▸ Task brief
Write each line exactly as it stands, from the line containing "Used 2022 Chevrolet Silverado" through the end of the data.

Material for the task section start

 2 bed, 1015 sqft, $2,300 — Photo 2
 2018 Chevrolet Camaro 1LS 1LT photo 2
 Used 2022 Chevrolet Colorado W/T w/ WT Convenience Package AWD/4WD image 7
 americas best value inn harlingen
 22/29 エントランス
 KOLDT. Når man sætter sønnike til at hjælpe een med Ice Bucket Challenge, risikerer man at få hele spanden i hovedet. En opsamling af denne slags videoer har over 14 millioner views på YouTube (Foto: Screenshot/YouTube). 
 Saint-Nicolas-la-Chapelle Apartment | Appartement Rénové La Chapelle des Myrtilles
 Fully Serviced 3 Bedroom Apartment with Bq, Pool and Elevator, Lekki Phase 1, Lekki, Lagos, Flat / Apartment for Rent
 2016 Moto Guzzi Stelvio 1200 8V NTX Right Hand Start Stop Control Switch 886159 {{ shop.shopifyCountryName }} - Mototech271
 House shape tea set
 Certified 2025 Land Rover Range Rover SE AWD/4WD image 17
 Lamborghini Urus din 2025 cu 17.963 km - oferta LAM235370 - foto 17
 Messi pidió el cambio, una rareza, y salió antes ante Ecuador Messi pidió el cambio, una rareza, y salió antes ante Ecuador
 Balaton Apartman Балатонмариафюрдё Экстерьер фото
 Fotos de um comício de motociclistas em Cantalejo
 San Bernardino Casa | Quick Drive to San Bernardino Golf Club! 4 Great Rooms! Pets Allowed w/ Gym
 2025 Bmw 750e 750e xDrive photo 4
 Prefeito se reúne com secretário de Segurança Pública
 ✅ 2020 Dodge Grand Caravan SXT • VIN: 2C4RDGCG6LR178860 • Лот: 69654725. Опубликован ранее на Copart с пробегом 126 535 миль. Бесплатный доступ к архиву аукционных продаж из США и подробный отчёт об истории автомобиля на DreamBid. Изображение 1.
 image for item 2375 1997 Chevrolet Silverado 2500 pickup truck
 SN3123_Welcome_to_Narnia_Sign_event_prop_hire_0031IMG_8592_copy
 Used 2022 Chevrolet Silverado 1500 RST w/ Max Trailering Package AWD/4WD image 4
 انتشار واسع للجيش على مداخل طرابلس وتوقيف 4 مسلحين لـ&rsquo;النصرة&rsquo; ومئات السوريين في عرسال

Material for the task section end

▸ Reply to the task
 Used 2022 Chevrolet Silverado 1500 RST w/ Max Trailering Package AWD/4WD image 4
 انتشار واسع للجيش على مداخل طرابلس وتوقيف 4 مسلحين لـ&rsquo;النصرة&rsquo; ومئات السوريين في عرسال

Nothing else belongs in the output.